**TASK PROMPT:**
Strip the pictures, then copy the remaining data exactly as it stands.

**COLLECTED DATA:**
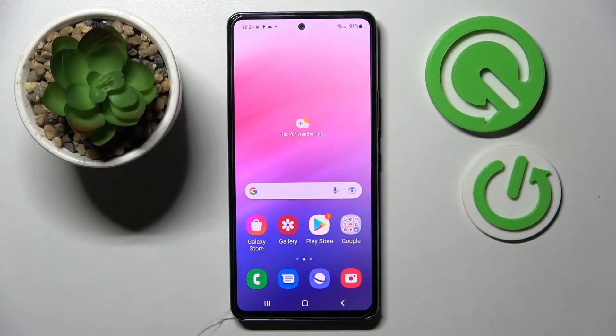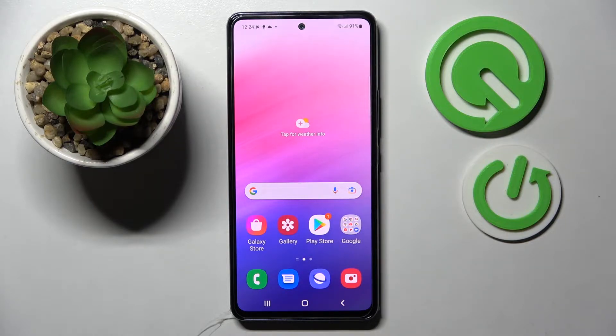Hi! In front of me is the Samsung Galaxy A53 5G, and today I would like to show you how you can operate app permissions on this device.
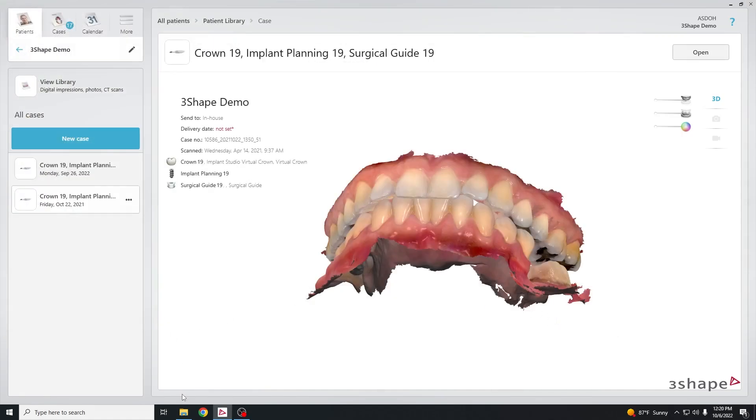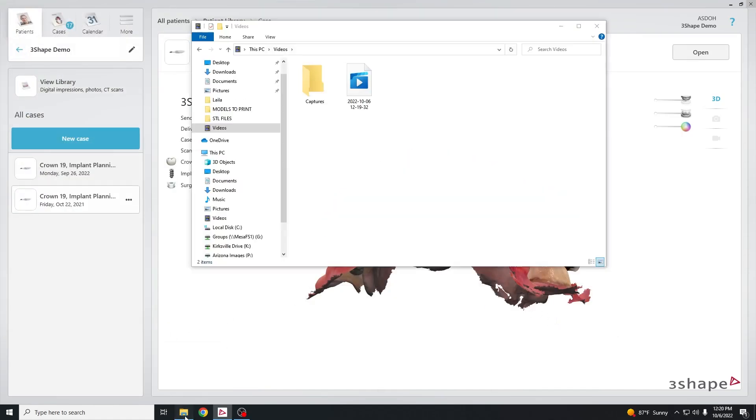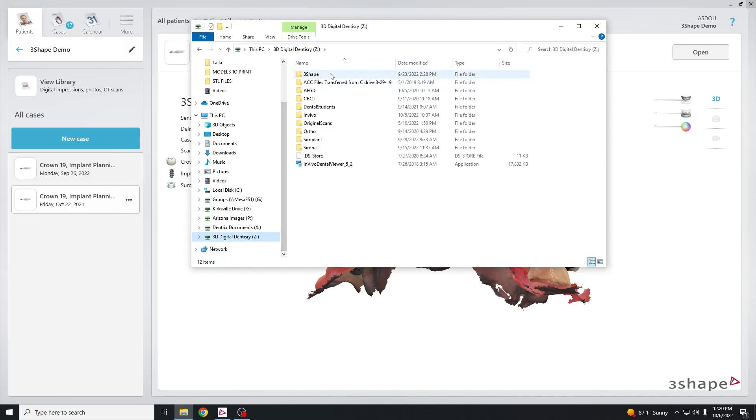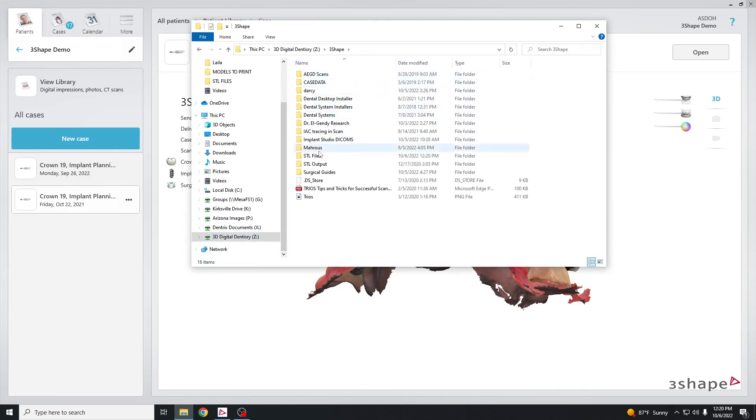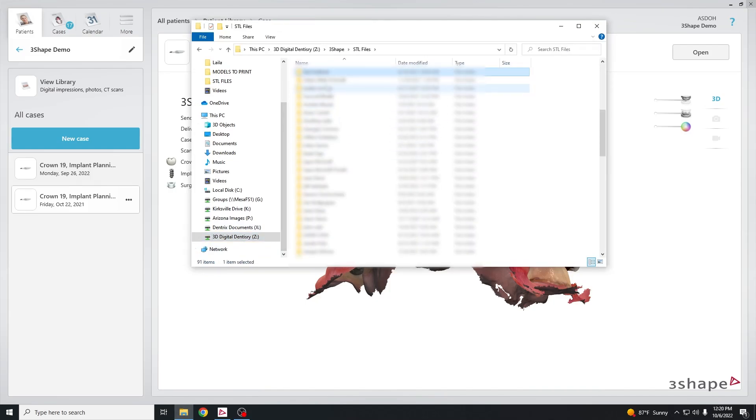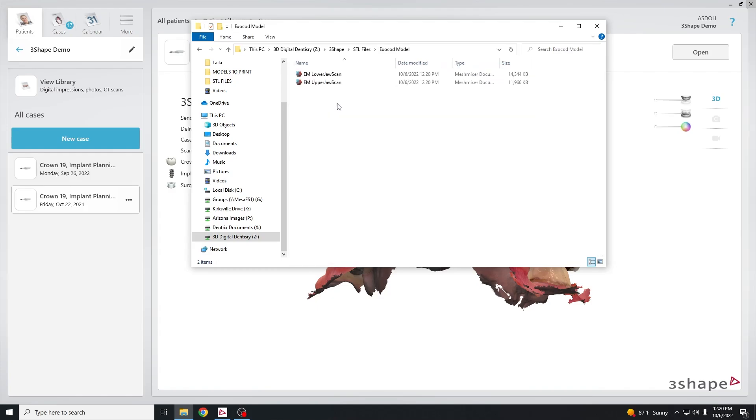Go back to the Z drive and check that the files are there. Go to STL files, Exocad model, and you'll see the upper and lower scans saved to this folder.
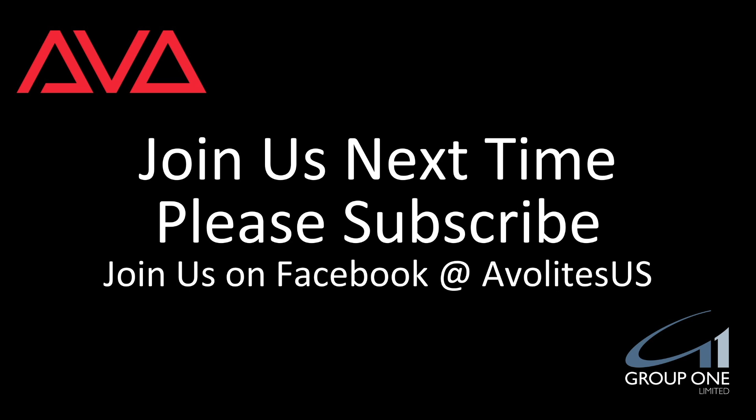Join us on Facebook at AvolightUS. Join us here next time. Please subscribe. Thanks. Bye.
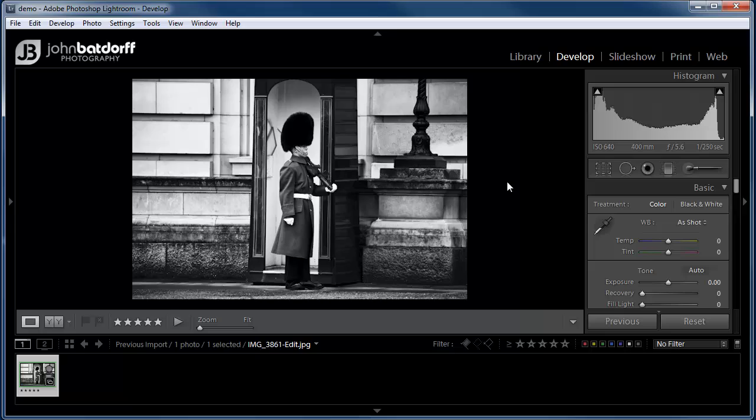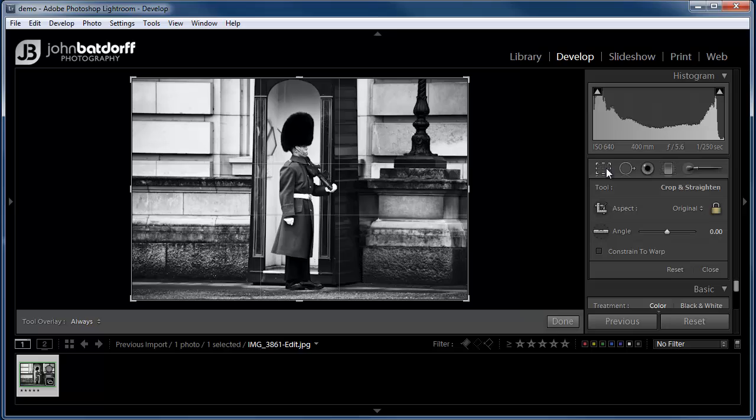So first click on your image and then go up to your crop overlay, that's this box right here. You can click on the box or simply press the letter R on your keyboard.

**EXERCISE RESPONSE:**
Hi! In front of me is the Samsung Galaxy A53 5G, and today I would like to show you how you can operate app permissions on this device.
Go back to the Z drive and check that the files are there. Go to STL files, Exocad model, and you'll see the upper and lower scans saved to this folder.
Join us on Facebook at AvolightUS. Join us here next time. Please subscribe. Thanks. Bye.
So first click on your image and then go up to your crop overlay, that's this box right here. You can click on the box or simply press the letter R on your keyboard.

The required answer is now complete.